I decided to use the "dry start" in an attempt to grow a HC carpet in a new tank. After the initial planting I covered the tank in plastic wrap. I've been providing 3.6 wpg of light for 8 hours a day and the substrate is AquaSoil. On the third day (today) I've noticed a web-like mold that is starting to grow over some of the plants. I've since removed the plastic wrap, but the mold still seems to be spreading and I'm not sure if my plants will make it. Is there any way to treat/remove the mold without harming my plants?


----------



## williamsonaaron (Jan 27, 2010)

is the mold blue?


----------



## VadimShevchuk (Sep 19, 2009)

i had some mold but i tried to remove it as much as possible.

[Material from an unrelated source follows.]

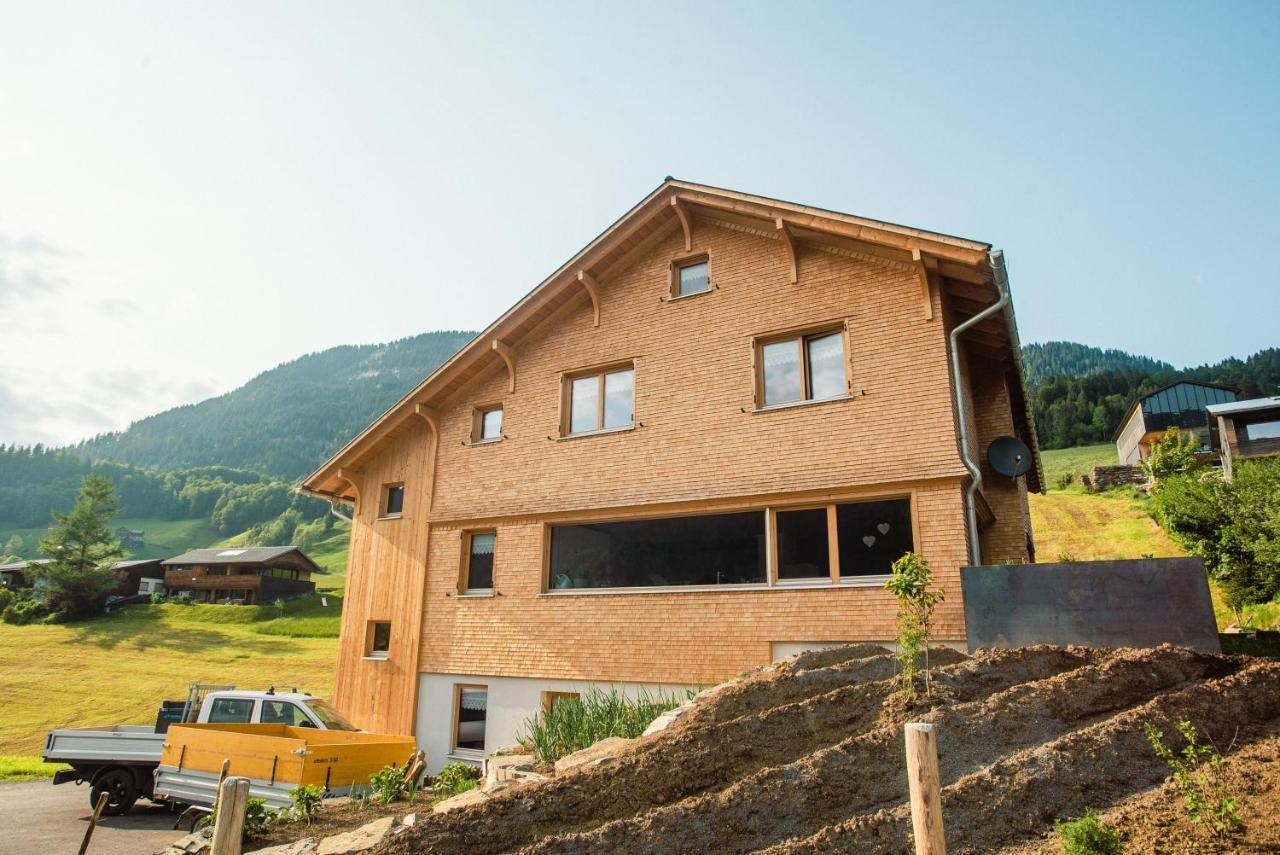 Barbara'S Ferienwohnungen Au (Vorarlberg) Ngoại thất bức ảnh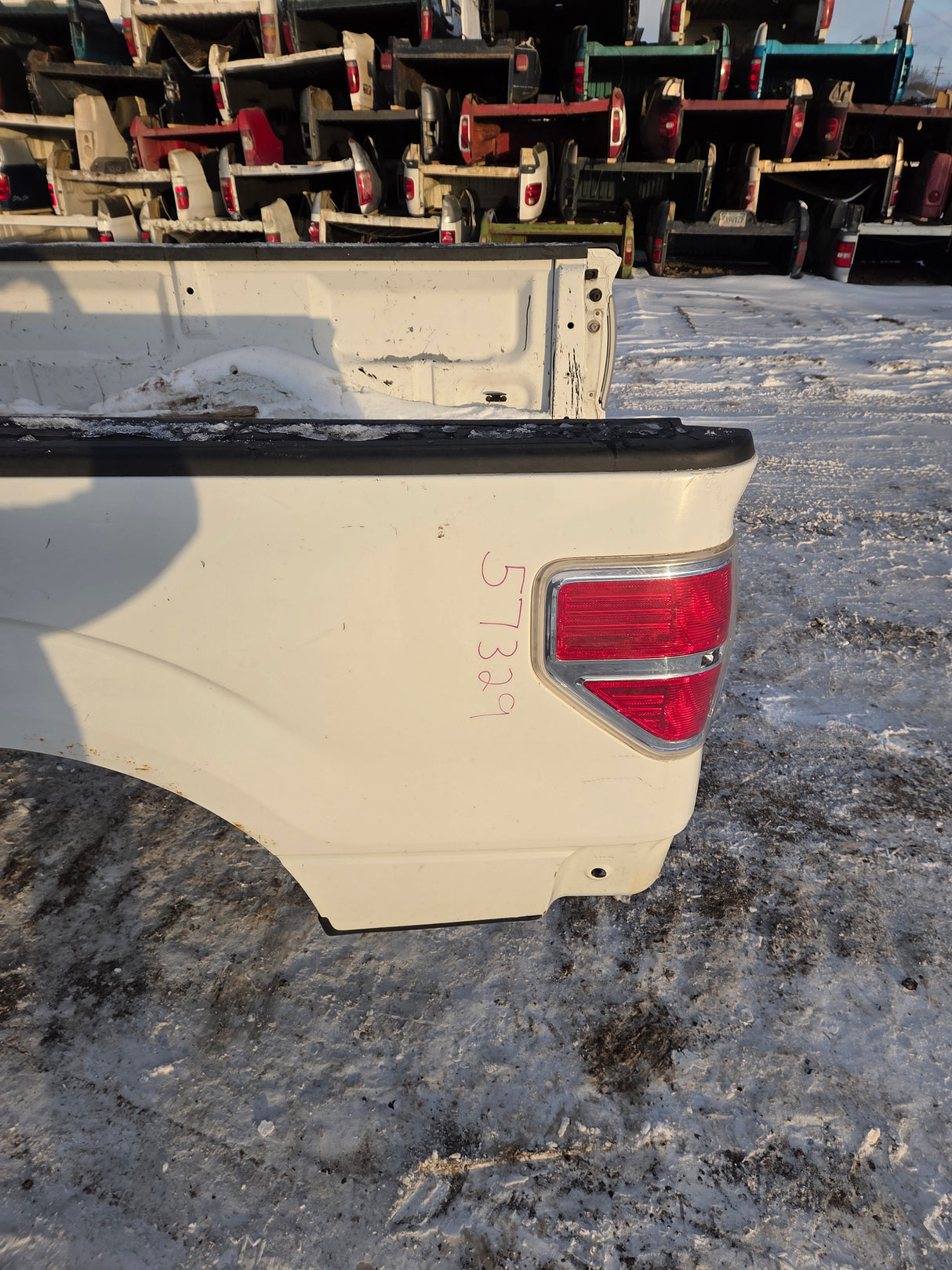 2009-2014 Ford F150 8' Long Truck Bed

Is the water level at the surface of the HC?


----------



## GhostMantis (May 20, 2010)

The mold is not blue, it's white. It looks very much like spider webbing.

The water level was just a tad bit above the surface of the AquaSoil at the bottom of the slant. After the first day I removed enough water to make it flush with the surface.


----------



## GhostMantis (May 20, 2010)

It looks like the plants with the mold on them are already beginning to melt :icon_mad:


----------



## Eden Marel (Jan 28, 2010)

I had that problem too when I tried, gave up and just made my carpet the wet way.


----------



## csmith (Apr 22, 2010)

Make a 4 part distilled water to 1 parts Hydrogen Peroxide mixture. Spray the moldly areas. You'll hear a fizz just like when you put the stuff on cuts.

I just finished my HC DSM in a 55 and had to do this to get rid of the mold.


----------



## zdnet (Aug 13, 2010)

To avoid mold, one thing to try is inserting an airline tubing and continuously pump a small amount of air into the tank.


----------



## Centromochlus (May 19, 2008)

There was a bunch of that stuff over my java ferns when i tried growing them emersed. It eventually disappeared, and it's not harmful to the plant. It looked like this:


----------



## GhostMantis (May 20, 2010)

After removing the plastic wrap, the mold seems to have cleared up a little. I think I'm going to keep it off and just mist the tank more frequently. Although I'm worried about the light drying out the substrate too much while I'm at work, especially on the "hills".


----------



## fresh.salty (Jul 2, 2010)

I tilted the tank to try and level out the water in the substrate but it was only 3g. Instead of plastic wrap I had a piece of glass on top that allowed some moisture to escape.


----------



## Armonious (Aug 16, 2010)

One thing that I just though of that you could possibly try out would be placing the tank with the saran wrap off like you already have, but also put a small humidifier next to it, with the outlet directed towards the tank. 

I would imagine that would deter evaporation, and maybe add more moisture depending on the setup.


----------